#### RECORDS SUPPLIED

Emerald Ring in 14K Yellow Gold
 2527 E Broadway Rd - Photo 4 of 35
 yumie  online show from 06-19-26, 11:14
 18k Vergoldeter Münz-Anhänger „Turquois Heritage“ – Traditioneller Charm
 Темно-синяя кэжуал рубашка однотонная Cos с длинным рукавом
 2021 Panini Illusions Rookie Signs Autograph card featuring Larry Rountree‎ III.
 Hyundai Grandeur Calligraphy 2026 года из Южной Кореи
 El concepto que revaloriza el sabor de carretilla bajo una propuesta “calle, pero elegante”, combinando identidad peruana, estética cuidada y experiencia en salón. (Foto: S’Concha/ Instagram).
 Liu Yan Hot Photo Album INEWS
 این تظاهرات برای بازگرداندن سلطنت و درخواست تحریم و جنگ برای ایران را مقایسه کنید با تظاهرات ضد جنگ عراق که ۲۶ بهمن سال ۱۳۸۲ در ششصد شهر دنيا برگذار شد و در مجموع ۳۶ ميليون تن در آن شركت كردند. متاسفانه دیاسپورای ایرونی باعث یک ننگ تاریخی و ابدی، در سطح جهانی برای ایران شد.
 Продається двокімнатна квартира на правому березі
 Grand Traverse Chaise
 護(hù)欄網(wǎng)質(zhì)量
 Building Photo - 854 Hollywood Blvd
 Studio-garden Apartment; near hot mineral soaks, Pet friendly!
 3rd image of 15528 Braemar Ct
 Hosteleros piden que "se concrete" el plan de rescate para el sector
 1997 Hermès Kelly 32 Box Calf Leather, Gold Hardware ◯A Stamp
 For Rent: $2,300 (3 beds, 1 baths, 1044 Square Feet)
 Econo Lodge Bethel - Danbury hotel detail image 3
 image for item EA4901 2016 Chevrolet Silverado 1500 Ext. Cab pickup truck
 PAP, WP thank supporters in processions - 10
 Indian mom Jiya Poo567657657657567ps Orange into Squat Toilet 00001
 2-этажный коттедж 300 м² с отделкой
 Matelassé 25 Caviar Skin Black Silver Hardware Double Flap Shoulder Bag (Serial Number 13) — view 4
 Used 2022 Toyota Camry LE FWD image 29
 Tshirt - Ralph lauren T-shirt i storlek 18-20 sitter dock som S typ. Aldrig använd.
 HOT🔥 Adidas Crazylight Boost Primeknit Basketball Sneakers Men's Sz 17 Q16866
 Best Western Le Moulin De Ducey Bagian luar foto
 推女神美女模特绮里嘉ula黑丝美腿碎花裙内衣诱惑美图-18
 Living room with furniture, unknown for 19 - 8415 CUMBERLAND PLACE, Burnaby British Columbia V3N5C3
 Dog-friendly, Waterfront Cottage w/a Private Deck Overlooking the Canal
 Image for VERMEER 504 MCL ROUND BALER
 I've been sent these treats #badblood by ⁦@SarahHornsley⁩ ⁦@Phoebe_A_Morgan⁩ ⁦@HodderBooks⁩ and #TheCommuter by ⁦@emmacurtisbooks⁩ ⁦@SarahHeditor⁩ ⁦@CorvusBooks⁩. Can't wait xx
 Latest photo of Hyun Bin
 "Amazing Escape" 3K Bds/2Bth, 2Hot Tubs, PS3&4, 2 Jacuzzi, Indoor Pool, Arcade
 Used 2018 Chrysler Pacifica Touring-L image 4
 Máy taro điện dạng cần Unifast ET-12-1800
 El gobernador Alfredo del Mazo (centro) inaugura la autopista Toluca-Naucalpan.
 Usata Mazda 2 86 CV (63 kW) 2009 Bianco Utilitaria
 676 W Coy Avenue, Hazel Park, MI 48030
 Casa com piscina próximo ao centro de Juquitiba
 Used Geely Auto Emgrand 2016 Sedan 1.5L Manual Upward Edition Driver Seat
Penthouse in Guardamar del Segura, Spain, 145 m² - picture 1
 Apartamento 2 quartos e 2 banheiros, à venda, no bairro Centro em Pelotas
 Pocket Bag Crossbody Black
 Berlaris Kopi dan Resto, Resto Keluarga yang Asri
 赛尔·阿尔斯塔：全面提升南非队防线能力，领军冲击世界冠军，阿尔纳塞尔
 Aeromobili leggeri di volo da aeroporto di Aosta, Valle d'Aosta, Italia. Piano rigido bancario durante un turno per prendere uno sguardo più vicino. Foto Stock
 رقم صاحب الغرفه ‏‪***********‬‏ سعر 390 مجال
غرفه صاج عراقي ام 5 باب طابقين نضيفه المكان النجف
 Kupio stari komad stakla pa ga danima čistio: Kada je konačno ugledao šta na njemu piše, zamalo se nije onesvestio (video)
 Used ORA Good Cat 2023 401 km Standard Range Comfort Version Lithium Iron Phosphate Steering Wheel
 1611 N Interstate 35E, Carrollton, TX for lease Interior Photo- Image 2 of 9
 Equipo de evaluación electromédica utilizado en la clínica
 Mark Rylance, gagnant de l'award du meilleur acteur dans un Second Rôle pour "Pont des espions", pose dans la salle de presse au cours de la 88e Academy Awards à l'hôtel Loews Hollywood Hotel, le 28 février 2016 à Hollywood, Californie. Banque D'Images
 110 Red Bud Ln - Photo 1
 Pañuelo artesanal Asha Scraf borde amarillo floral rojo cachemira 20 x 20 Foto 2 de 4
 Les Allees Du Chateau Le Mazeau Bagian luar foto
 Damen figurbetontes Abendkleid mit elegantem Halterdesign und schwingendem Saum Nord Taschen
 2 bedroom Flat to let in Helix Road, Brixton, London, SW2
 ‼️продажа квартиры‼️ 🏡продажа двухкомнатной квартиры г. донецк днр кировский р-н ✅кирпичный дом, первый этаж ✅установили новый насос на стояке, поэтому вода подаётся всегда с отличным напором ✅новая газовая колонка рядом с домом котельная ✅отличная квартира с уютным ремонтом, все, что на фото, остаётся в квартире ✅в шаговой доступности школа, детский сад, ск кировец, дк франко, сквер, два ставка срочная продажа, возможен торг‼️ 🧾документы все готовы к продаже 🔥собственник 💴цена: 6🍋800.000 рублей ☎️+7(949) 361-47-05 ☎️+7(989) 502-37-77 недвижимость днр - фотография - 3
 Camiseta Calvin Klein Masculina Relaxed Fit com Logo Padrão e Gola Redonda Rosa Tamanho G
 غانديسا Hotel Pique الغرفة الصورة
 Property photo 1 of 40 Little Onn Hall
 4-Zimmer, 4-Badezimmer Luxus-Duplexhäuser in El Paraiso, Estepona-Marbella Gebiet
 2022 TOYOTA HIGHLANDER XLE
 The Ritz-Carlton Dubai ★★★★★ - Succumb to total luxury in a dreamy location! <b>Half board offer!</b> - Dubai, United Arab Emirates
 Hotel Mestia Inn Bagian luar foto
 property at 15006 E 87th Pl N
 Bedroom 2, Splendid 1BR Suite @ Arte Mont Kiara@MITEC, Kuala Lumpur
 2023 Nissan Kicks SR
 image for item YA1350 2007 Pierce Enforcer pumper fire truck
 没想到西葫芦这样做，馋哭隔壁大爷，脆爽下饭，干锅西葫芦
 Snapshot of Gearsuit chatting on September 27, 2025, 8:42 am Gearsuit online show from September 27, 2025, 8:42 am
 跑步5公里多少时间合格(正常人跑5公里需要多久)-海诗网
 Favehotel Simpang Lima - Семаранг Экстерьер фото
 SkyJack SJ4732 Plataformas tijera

########

Please return all lines in the material above that include the word "from".

 yumie  online show from 06-19-26, 11:14
 Snapshot of Gearsuit chatting on September 27, 2025, 8:42 am Gearsuit online show from September 27, 2025, 8:42 am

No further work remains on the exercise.